Assume our formula holds for $1\leq k \leq n$. Then:
$$a_{n+1} = 3a_n + 1 = 3\frac{3^n-1}{2} + 1 = \frac{3^{n+1}-3+2}{2} = \frac{3^{n+1}-1}{2}$$
Wich is what we wanted to prove.
($a_n = 1 + 3 + 9 + \ldots + 3^{n-1}$. This is called geometric series. You can find quite a lot of info about it).
On
Inductions and guessing are good, but it's better to handle problems like this in a more fundamental way, i.e. using generating function. It's harder but in the long run it is an invaluable tool for recurrences and much more. So you got $$ a_{n+1} = 3 a_n +1 $$ Define $G(z) = \sum_{k=0}^{\infty} a_k z^k$. Now multiply both sides of the equation by $z^k$ and sum over $k$. On the RHS you get $3 G(z) + \frac{1}{1-z}$. On LHS after a bit of algebra you get $\frac{G(z) - a_0}{z}$. Now after some rearrangement you get $$ G(z) = \frac{a_0}{1-3z} + \frac{z}{(1-3z)(1-z)} = \frac{\frac{1}{2}-a_0}{1-3z} - \frac{1}{2(1-z)} =(\frac{1}{2}- a_0) \sum_{k=0}^{\infty} 3^k z^k - \frac{1}{2}\sum_{k=0}^{\infty} z^k $$ Now all you need to do is combine coefficients to get the value of the $\text{n}^{\text{th}}$ term: $$ a_n = \frac{(1-2 a_0)3^{n}-1}{2} $$ If $a_0=0$, you get $$ a_n = \frac{3^n -1}{2} $$
On
There is a direct method for solving problems of this kind. I'll give the general case and then apply it to this specific example.

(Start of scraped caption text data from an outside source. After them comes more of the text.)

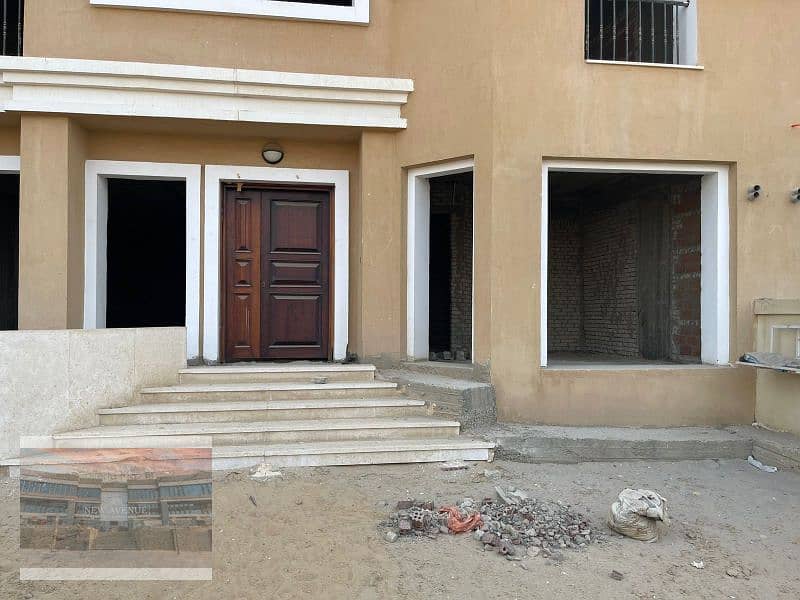 Townhouse middle for sale  ready to move in sarai 2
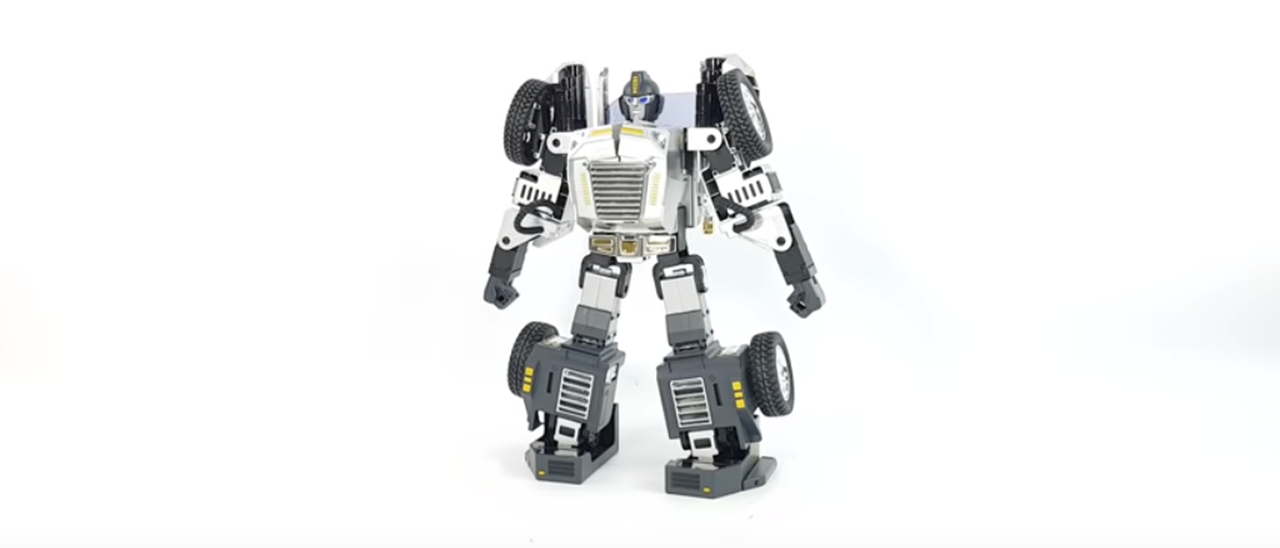 Robosen T9, i Transformers non sono più fantasia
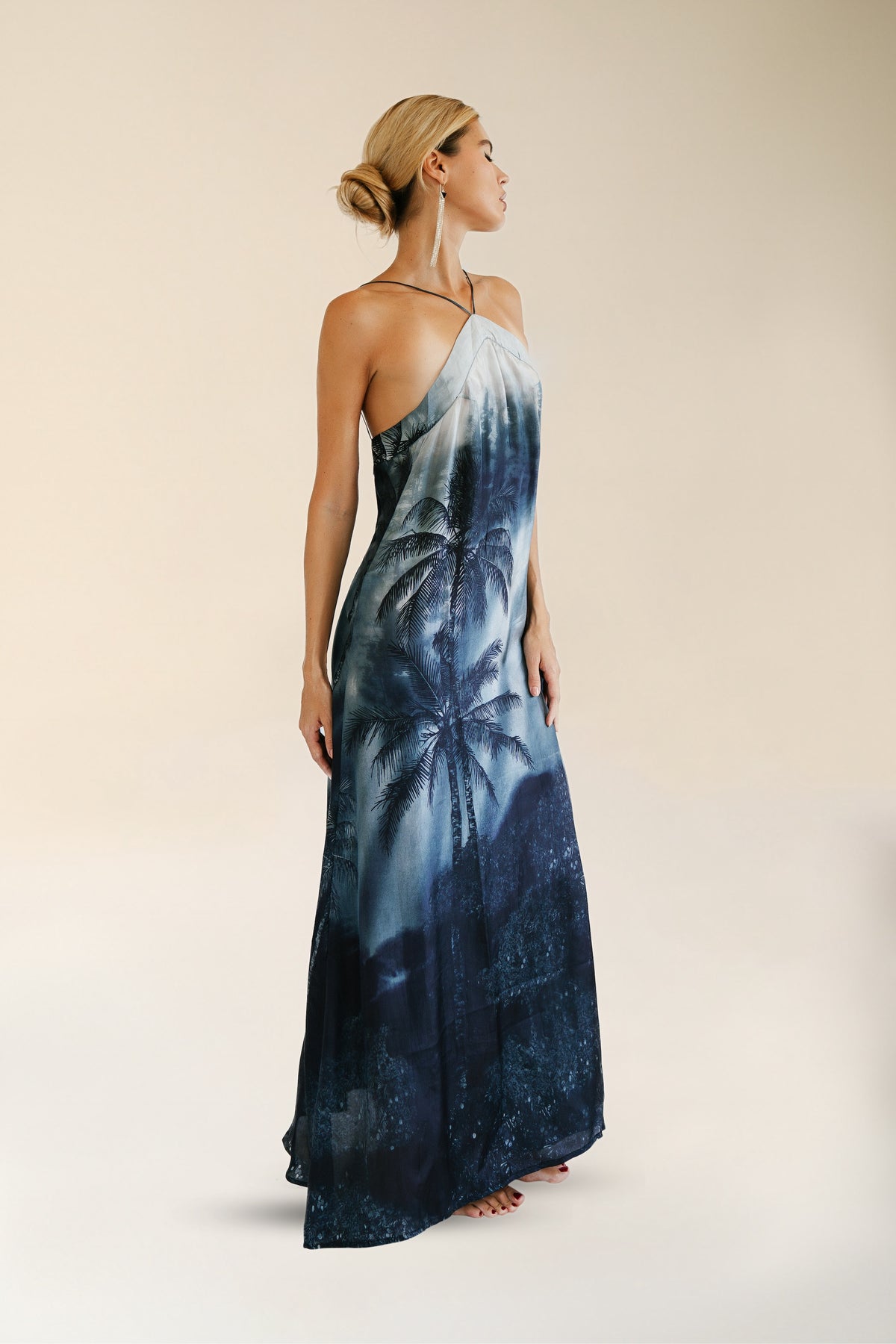 VELA HALTER DRESS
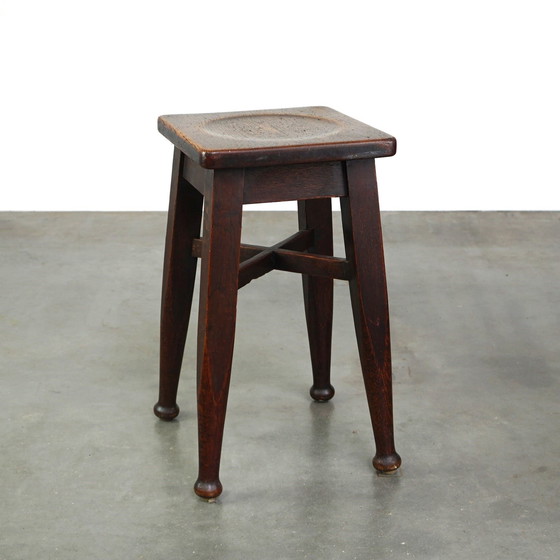 Image 1 of Eikenhouten kruk/ stool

Let our sequence be of the form $a_n = \alpha a_{n-1} + \beta$ for $\alpha, \beta\in\mathbb{R}$, then by repeated substitution we obtain \begin{align*} a_n &= \alpha a_{n-1} + \beta \\ &= \alpha^2a_{n-2} + \alpha\beta + \beta\\ &= \alpha^3a_{n-3} + \alpha^2\beta + \alpha\beta + \beta\\ &\;\,\vdots \\ &= \alpha^{n-1}a_1 + \sum_{i=0}^{n-2}\beta\alpha^i \end{align*} so when $\alpha = 1$ then $a_n = a_1 + (n-1)\beta$ and when $\alpha\ne 1$ then we apply the formula for the geometric partial sum and obtain
$$ a_n = \alpha^{n-1}a_1 +\beta\frac{\alpha^{n-1} - 1}{\alpha - 1} $$
In our case $\alpha = 3, \beta = 1$ and $a_1 = 1$, so substituting these in and simplifying gives
$$ a_n = \frac{3^n - 1}{2} $$
The good thing about doing it this way is that you can instantly see not only which sequences converge, but also what their limit is. The sequence $a_n=\alpha a_{n-1} + \beta$ converges if and only if $|\alpha|<1$ and the limit is
$$\lim_{n\to\infty}a_n = \sum_{i=0}^\infty\beta\alpha^i = \frac{\beta}{1-\alpha}$$
This is because when $|\alpha|<1$ then $\alpha^{n-1}$ goes to $0$, killing the $\alpha^{n-1}a_1$ term, and it is the radius of convergence for the geometric series. So in particular your sequence diverges. I know convergence wasn't part of the question but it's useful to know!
Note that $$a_{n}+\frac 12=3\left(a_{n-1}+\frac 12\right).$$ So, letting $b_n=a_n+1/2$, we get $$b_n=3b_{n-1}.$$ Since $b_1=a_1+1/2=3/2$, we have $$b_n=\frac 32\cdot 3^{n-1}=\frac{3^n}{2}.$$ Hence, we have $$a_n=\frac{3^n}{2}-\frac 12=\frac{3^n-1}{2}.$$